А «испагуан» — это вот что. Как-то раз у меня на Красноармейской мы играли с Долей в «балду». Это, знаете, превосходная игра в слова. По очереди называли буквы, из которых складывается какое-либо слово, и надо находить такие буквы, чтобы слово заканчивалось на сопернике. Буквы можно приставлять и спереди, и сзади. И вот у нас получилось «испа». Теперь моя очередь называть букву, и кроме «н» никакой не было, чтобы получилось слово. Но, скажи я «н», Доля немедленно бросит «е» или «к», а «испанец» или «испанка» заканчивались на мне, и я проиграл. И тогда я сказал: «г».
— Испаг? — удивился Доля.
Он долго думал, но не нашел слово, которое я имел в виду, — и сдался. Я был обязан назвать слово, и я сказал:
— Испагуан.
— А что это такое?
— Ну, был такой динозавр.
— Был игуанодон, — сказал Доля, — а испагуана, по-моему, не было.
— Был, — сказал я, — и тот, и другой…
После окончания школы мы с Долей встречались редко, но каждый раз при встрече он вспоминал придуманного мной «испагуана», и мы хохотали…
С Долей всегда было весело. В цукасовской комнате стоял старый рояль. Когда-то, в молодые свои годы играла на нем Зинаида Ароновна, но после гибели на войне, в ополчении, мужа она ни разу не села к инструменту. «Бехштейн», казалось, умолк навсегда.
Но вот братец открыл крышку, прошелся по клавиатуре, рояль был изрядно расстроен — ну, не беда. Доля устроил нам чудный фортепианный вечер. Сыграл по моей просьбе часть 2-й рапсодии Листа. Спел, аккомпанируя сам себе, арию Алеко («Весь табор спит…»). А потом, представьте себе, спел каватину Розины из «Севильского цирюльника». Мы с Милой и Сережей покатывались, когда Долька заливался колоратурным сопрано: «Я так безропотна и простоду-ушна…» Зинаида Ароновна слушала с интересом, на ее сухоньком неулыбчивом лице появилась слабая улыбка…
Из моего письма Лиде:
<b>16 июня 1949 г.</b>
Родная моя!
Не сердись, что не могу часто писать. Совершенно, понимаешь, совершенно нет времени. Почти не разгибаясь, сижу за учебниками. Просто дикое расписание в этом году. Не успеваю сдать один экзамен, как нависает следующий… Удивляюсь, как мне пока все это сходит.

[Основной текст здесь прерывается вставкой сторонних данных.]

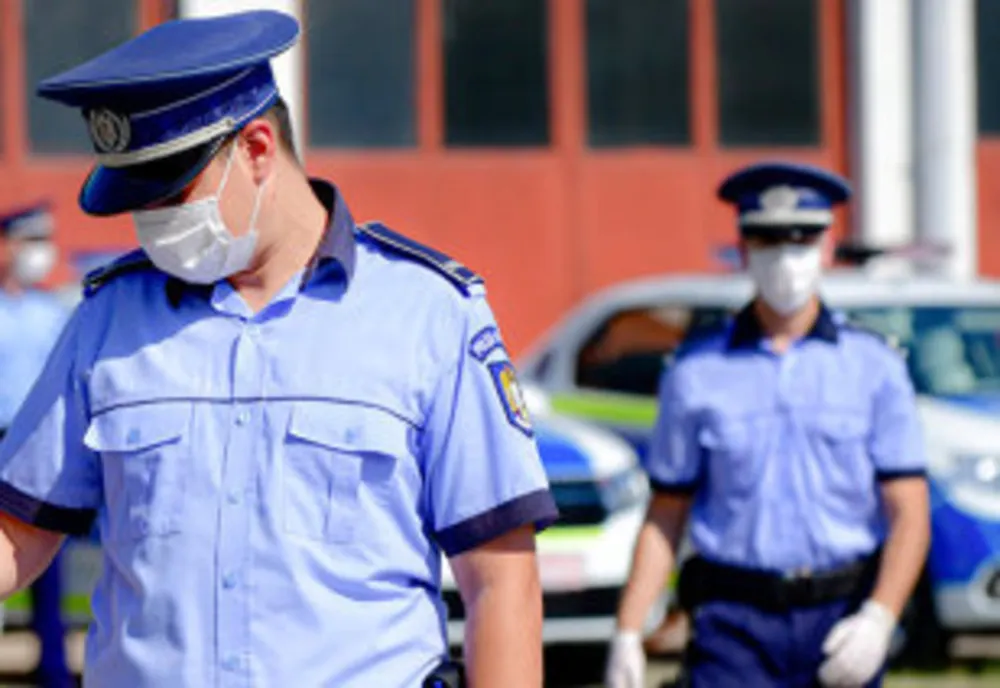 Trei noi ordine de protecţie eliberate în acest weekend de poliţiştii maramureşeni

Я тебе писал уже, что 7-го сдал русскую литературу XVIII века. Конечно, все я прочесть не успел, но мне везет, попалось то, что я прочел и знал (Державин и Феофан). 10-го сдал Реформатскому современный русский язык. Накануне занимался зверски. Нужно было разобраться в очень сложных вещах (особенно — фонетическое и фонематическое транскрибирование и т. п.). Разобрался, в общем. Получил 5-ку.
13-го сдавал западную литературу.
Вчера должен был сдавать одновременно (!) экзамен по новейшей и зачет по новой истории. Конечно, немыслимо было за 1,5 дня подготовить два больших курса (в одной «Истории дипломатии» нужно было прочесть 700 страниц). И я сдал только новейшую (отлично), а новую перенес на конец сессии…

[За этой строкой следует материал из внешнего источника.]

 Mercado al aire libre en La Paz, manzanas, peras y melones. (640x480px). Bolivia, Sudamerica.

Завтра зачет по русской литературе XIX века (1-я треть, до Гоголя). Я еще не начинал готовиться. Завтра засяду с 7 ч. утра, до 6 час. успею просмотреть (у нас все экзамены в 6 час. вечера).
Я страшно устаю. По сути дела, не отрываюсь целыми днями от книг.
Пьеса моя отпечатана. Сегодня отвез ее в политуправление ВМФ…
Ох уж эта пьеса! Кажется, легче было написать, чем пробить ей дорогу на сцену, а ее автора вытащить из Свинемюнде… Не слишком ли многого я ожидал от своего «Свежего ветра»? Да, наверное.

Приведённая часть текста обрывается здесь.